TRY IT — Copy the lines below, word for word, from the first through the line containing "Les particularités des implants dentaires". Leave the pictures out.

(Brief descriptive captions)

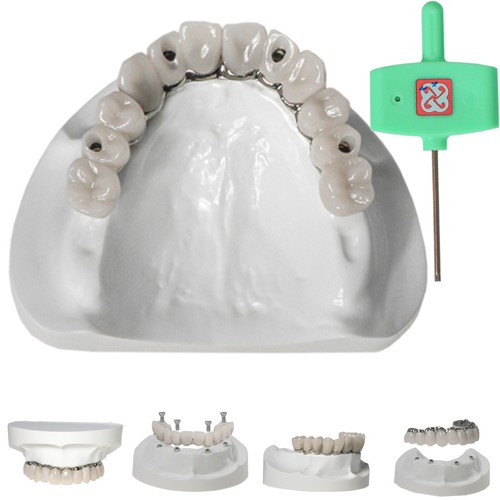 Demo Overdenture All On 4 & All On 6 treatment Dental Implant Model 4/6 Screws - Picture 17 of 83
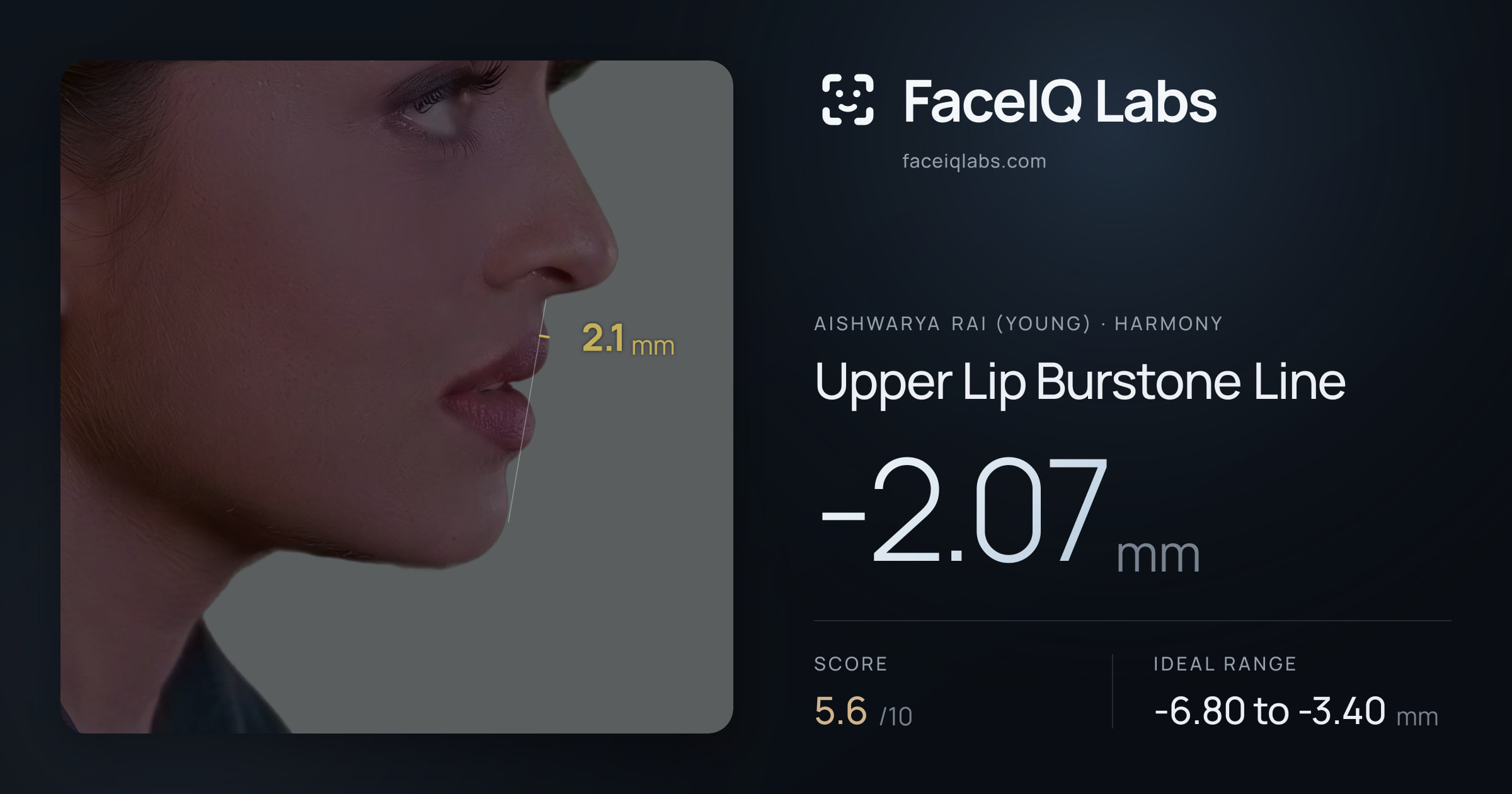 Aishwarya Rai (Young) Upper Lip Burstone Line: -2.07mm, drawn on the photo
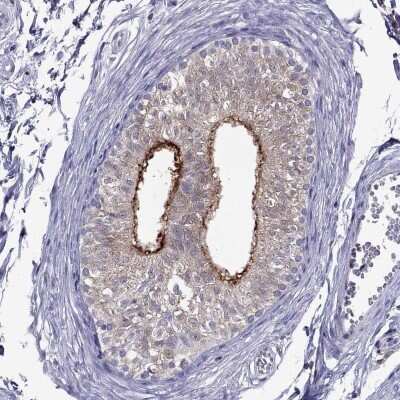 Immunohistochemistry-Paraffin SPINT3 Antibody - BSA Free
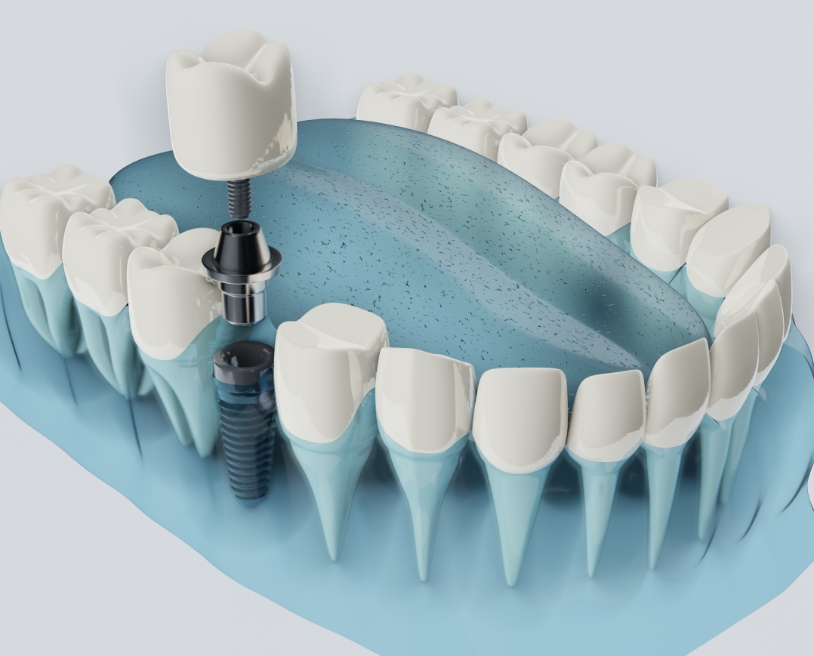 Les particularités des implants dentaires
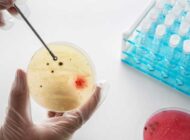 بعد از hpv مثبت چه اقداماتی باید انجام داد ؟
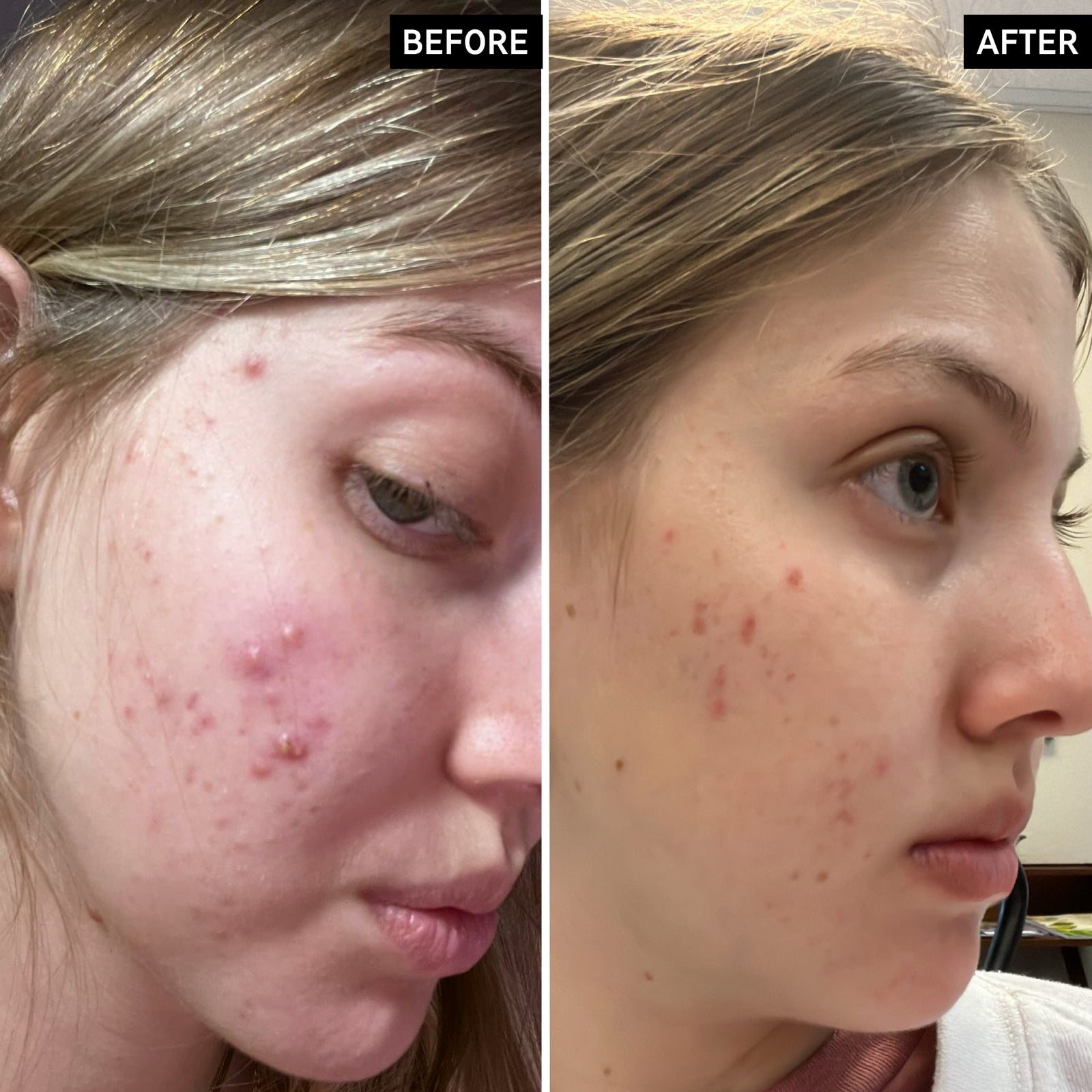 Before and After of Customer using Salicylic Acid Cleanser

WRITTEN RESPONSE —
 Demo Overdenture All On 4 & All On 6 treatment Dental Implant Model 4/6 Screws - Picture 17 of 83
 Aishwarya Rai (Young) Upper Lip Burstone Line: -2.07mm, drawn on the photo
 Immunohistochemistry-Paraffin SPINT3 Antibody - BSA Free
 Les particularités des implants dentaires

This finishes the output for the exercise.